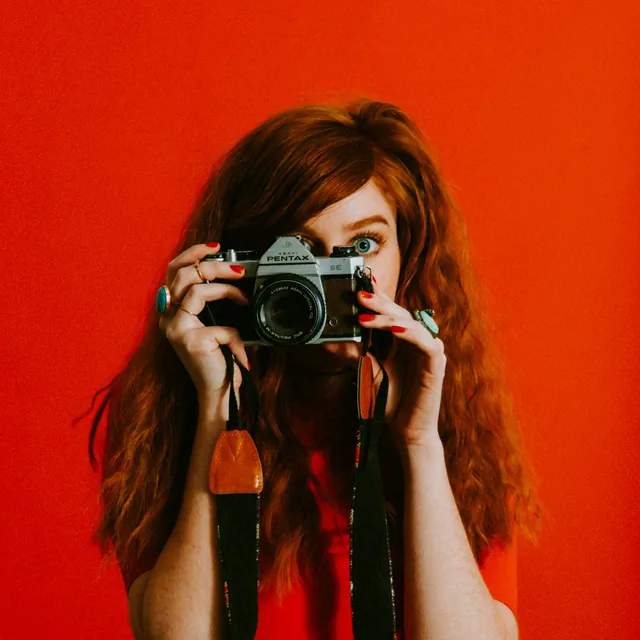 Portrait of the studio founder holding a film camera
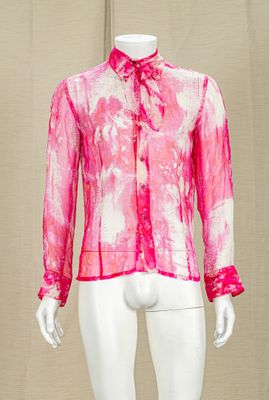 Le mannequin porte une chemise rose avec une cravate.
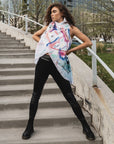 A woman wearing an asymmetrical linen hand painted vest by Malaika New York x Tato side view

* * * *

### PROBLEM
Print the material above word for word, and keep the pictures out of it.

### EXERCISE SOLUTION
 Portrait of the studio founder holding a film camera
 Le mannequin porte une chemise rose avec une cravate.
 A woman wearing an asymmetrical linen hand painted vest by Malaika New York x Tato side view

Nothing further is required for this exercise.